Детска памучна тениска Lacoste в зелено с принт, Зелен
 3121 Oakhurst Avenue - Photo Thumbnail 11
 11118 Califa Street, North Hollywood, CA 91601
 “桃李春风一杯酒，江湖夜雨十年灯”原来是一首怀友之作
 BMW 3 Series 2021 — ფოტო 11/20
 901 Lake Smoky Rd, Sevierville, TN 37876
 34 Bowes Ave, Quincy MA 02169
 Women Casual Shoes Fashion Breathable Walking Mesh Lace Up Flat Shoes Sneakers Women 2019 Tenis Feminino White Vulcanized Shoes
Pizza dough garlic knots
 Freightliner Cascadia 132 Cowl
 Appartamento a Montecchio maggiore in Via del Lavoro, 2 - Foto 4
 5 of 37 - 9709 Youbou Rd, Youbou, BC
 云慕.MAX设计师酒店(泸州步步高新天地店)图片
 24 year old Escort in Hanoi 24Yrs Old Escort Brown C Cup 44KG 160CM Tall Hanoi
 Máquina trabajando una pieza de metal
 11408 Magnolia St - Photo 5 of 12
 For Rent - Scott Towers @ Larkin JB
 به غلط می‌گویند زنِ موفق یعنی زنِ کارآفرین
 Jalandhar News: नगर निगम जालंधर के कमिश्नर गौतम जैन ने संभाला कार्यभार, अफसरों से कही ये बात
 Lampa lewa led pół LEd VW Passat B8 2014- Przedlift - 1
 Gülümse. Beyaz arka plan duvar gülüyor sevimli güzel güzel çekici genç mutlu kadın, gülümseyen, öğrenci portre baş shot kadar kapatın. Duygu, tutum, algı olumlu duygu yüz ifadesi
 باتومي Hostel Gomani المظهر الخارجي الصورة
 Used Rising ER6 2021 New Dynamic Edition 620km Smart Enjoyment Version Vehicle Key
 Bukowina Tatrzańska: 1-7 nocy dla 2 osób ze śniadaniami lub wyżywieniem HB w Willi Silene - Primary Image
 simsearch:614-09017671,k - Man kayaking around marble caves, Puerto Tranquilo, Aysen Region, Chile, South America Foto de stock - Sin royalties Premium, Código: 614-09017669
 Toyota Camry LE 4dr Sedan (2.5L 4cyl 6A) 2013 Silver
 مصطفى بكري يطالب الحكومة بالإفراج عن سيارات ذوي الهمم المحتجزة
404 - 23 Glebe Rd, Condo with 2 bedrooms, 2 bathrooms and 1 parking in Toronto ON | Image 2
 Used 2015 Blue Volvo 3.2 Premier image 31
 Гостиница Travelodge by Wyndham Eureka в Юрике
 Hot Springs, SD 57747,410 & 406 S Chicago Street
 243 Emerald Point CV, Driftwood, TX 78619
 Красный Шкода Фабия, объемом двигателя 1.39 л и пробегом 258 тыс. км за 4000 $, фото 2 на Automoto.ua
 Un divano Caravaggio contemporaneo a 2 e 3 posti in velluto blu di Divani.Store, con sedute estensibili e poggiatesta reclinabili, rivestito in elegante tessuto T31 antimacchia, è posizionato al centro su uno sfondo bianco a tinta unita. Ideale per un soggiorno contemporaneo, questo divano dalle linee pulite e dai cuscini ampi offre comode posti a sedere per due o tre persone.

____

### Exercise goal:
Write out, please, all of the material above exactly as written.

### Result of the exercise:
Детска памучна тениска Lacoste в зелено с принт, Зелен
 3121 Oakhurst Avenue - Photo Thumbnail 11
 11118 Califa Street, North Hollywood, CA 91601
 “桃李春风一杯酒，江湖夜雨十年灯”原来是一首怀友之作
 BMW 3 Series 2021 — ფოტო 11/20
 901 Lake Smoky Rd, Sevierville, TN 37876
 34 Bowes Ave, Quincy MA 02169
 Women Casual Shoes Fashion Breathable Walking Mesh Lace Up Flat Shoes Sneakers Women 2019 Tenis Feminino White Vulcanized Shoes
Pizza dough garlic knots
 Freightliner Cascadia 132 Cowl
 Appartamento a Montecchio maggiore in Via del Lavoro, 2 - Foto 4
 5 of 37 - 9709 Youbou Rd, Youbou, BC
 云慕.MAX设计师酒店(泸州步步高新天地店)图片
 24 year old Escort in Hanoi 24Yrs Old Escort Brown C Cup 44KG 160CM Tall Hanoi
 Máquina trabajando una pieza de metal
 11408 Magnolia St - Photo 5 of 12
 For Rent - Scott Towers @ Larkin JB
 به غلط می‌گویند زنِ موفق یعنی زنِ کارآفرین
 Jalandhar News: नगर निगम जालंधर के कमिश्नर गौतम जैन ने संभाला कार्यभार, अफसरों से कही ये बात
 Lampa lewa led pół LEd VW Passat B8 2014- Przedlift - 1
 Gülümse. Beyaz arka plan duvar gülüyor sevimli güzel güzel çekici genç mutlu kadın, gülümseyen, öğrenci portre baş shot kadar kapatın. Duygu, tutum, algı olumlu duygu yüz ifadesi
 باتومي Hostel Gomani المظهر الخارجي الصورة
 Used Rising ER6 2021 New Dynamic Edition 620km Smart Enjoyment Version Vehicle Key
 Bukowina Tatrzańska: 1-7 nocy dla 2 osób ze śniadaniami lub wyżywieniem HB w Willi Silene - Primary Image
 simsearch:614-09017671,k - Man kayaking around marble caves, Puerto Tranquilo, Aysen Region, Chile, South America Foto de stock - Sin royalties Premium, Código: 614-09017669
 Toyota Camry LE 4dr Sedan (2.5L 4cyl 6A) 2013 Silver
 مصطفى بكري يطالب الحكومة بالإفراج عن سيارات ذوي الهمم المحتجزة
404 - 23 Glebe Rd, Condo with 2 bedrooms, 2 bathrooms and 1 parking in Toronto ON | Image 2
 Used 2015 Blue Volvo 3.2 Premier image 31
 Гостиница Travelodge by Wyndham Eureka в Юрике
 Hot Springs, SD 57747,410 & 406 S Chicago Street
 243 Emerald Point CV, Driftwood, TX 78619
 Красный Шкода Фабия, объемом двигателя 1.39 л и пробегом 258 тыс. км за 4000 $, фото 2 на Automoto.ua
 Un divano Caravaggio contemporaneo a 2 e 3 posti in velluto blu di Divani.Store, con sedute estensibili e poggiatesta reclinabili, rivestito in elegante tessuto T31 antimacchia, è posizionato al centro su uno sfondo bianco a tinta unita. Ideale per un soggiorno contemporaneo, questo divano dalle linee pulite e dai cuscini ampi offre comode posti a sedere per due o tre persone.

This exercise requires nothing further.